╭─ RECORDS PROVIDED

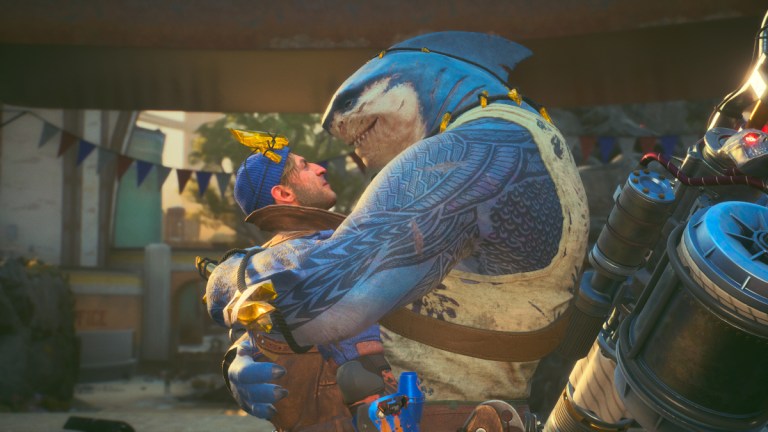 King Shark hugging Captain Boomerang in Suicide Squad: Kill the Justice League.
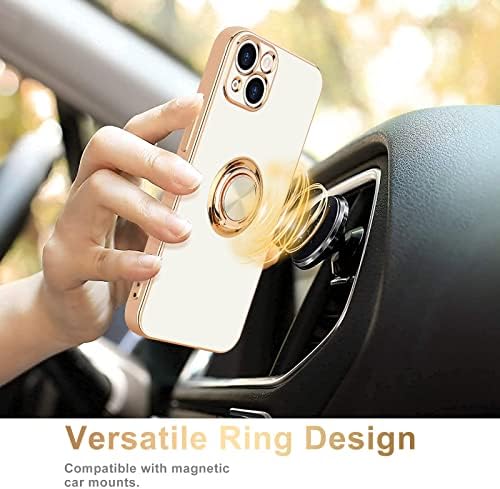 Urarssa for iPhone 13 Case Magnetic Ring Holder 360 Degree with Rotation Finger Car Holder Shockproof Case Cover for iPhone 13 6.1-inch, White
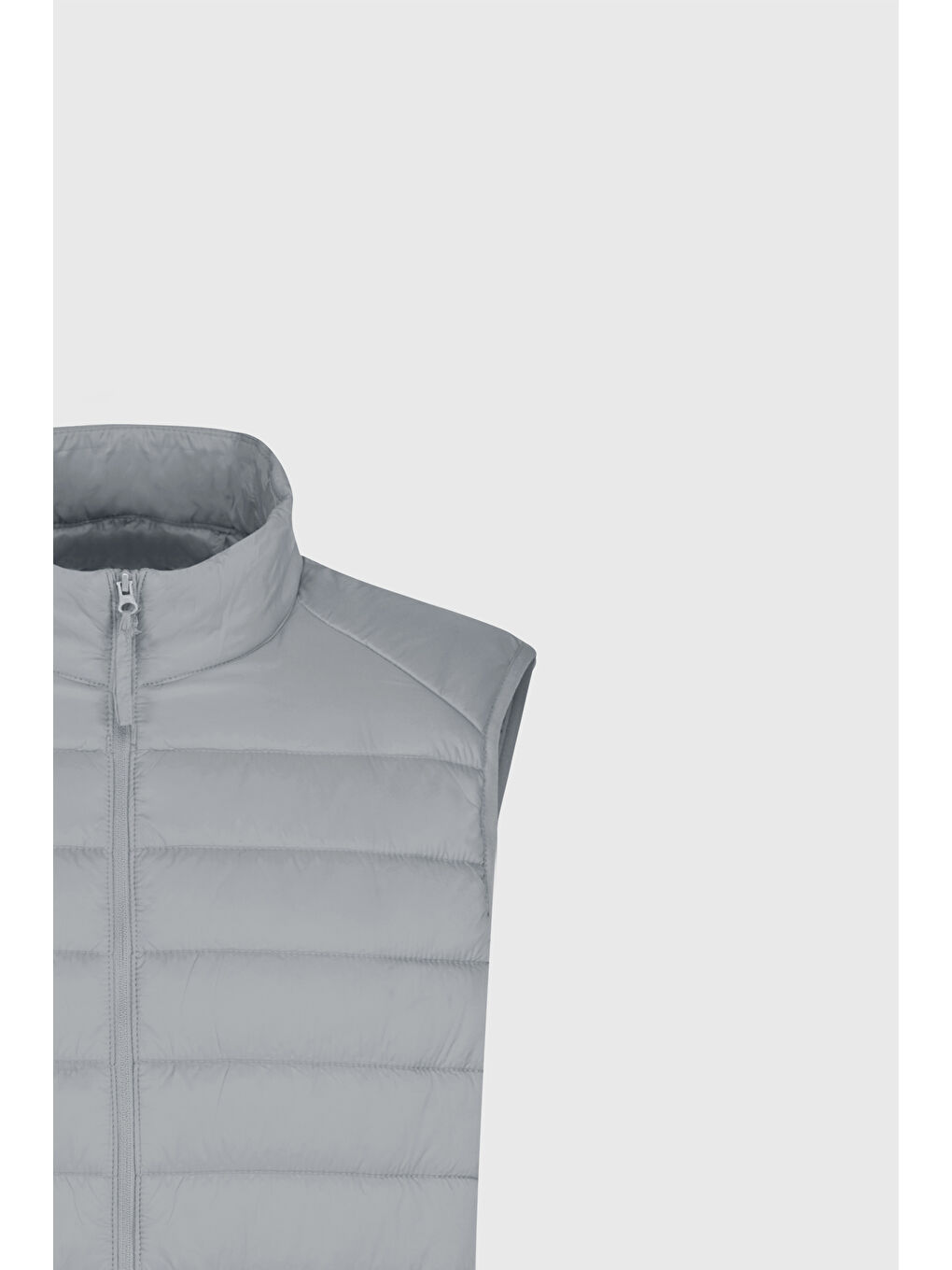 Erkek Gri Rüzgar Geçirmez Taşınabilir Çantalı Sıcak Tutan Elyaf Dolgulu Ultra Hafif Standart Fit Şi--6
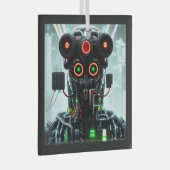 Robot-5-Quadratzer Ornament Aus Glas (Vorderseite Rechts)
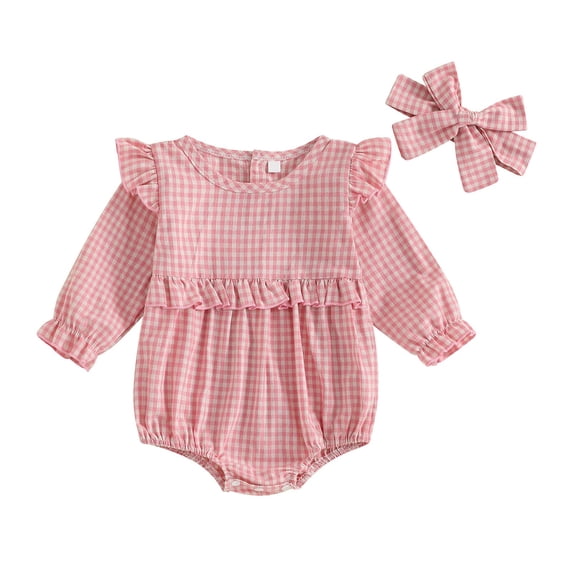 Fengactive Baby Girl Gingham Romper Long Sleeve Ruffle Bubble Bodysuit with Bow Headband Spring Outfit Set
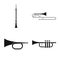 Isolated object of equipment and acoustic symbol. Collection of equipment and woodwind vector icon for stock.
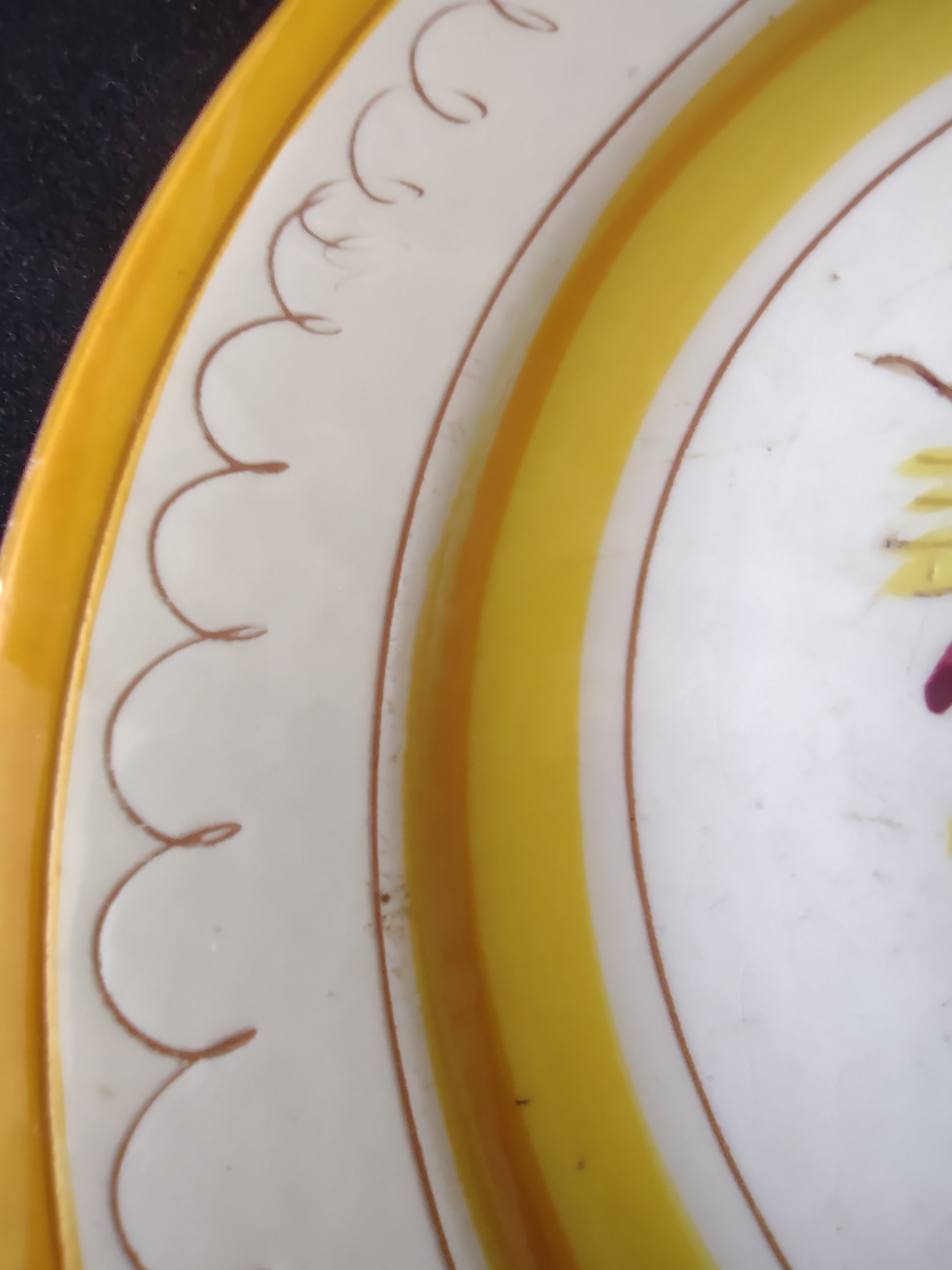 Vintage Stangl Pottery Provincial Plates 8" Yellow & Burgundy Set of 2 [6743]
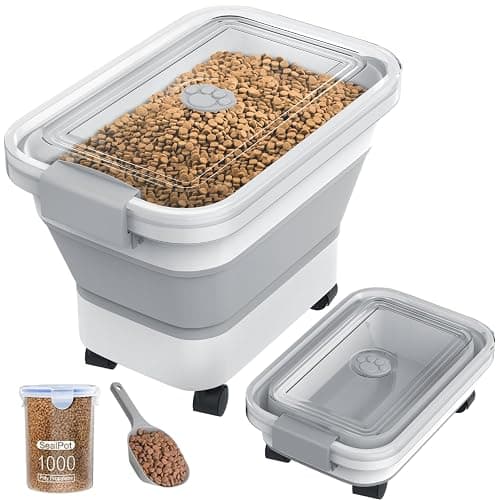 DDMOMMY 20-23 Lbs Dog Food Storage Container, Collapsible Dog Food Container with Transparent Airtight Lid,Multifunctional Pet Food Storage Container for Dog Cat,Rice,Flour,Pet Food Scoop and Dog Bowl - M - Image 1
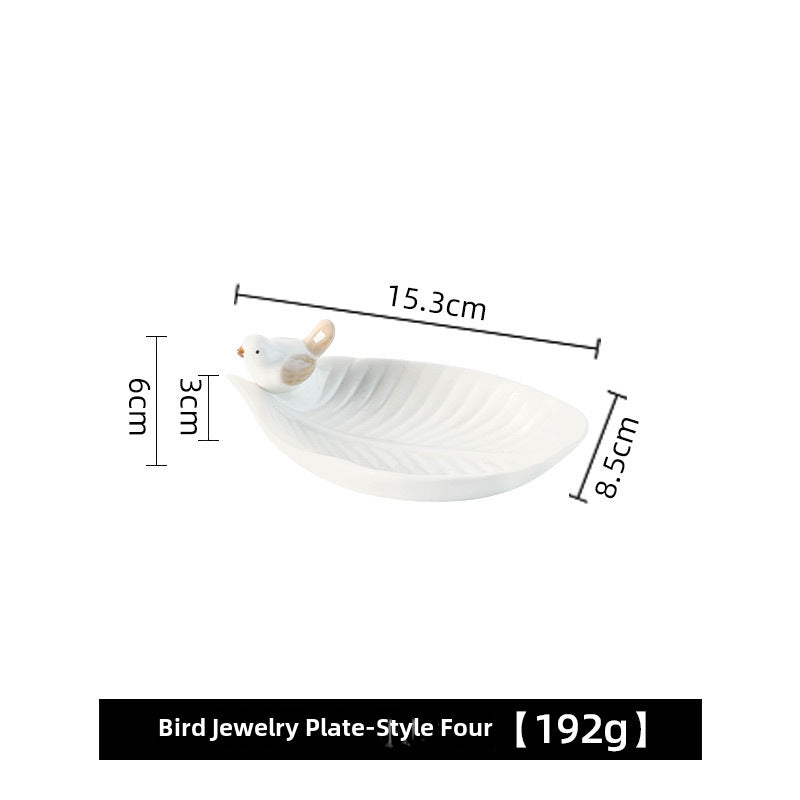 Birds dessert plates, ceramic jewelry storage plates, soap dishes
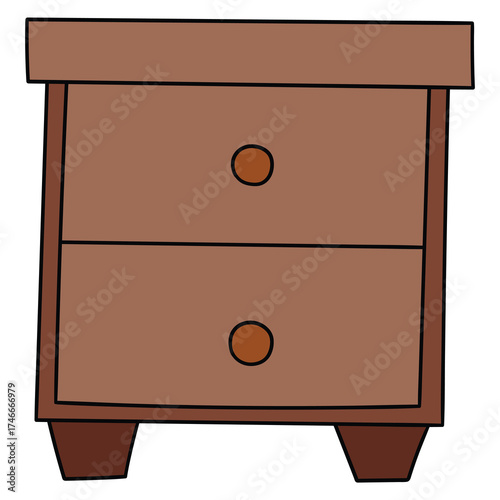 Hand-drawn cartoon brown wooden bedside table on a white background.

╰─

Only an exact copy of the lines from the one with "Birds dessert plates, ceramic" through the last line of the listing should be given; pictures must not be included.

 Birds dessert plates, ceramic jewelry storage plates, soap dishes
 Hand-drawn cartoon brown wooden bedside table on a white background.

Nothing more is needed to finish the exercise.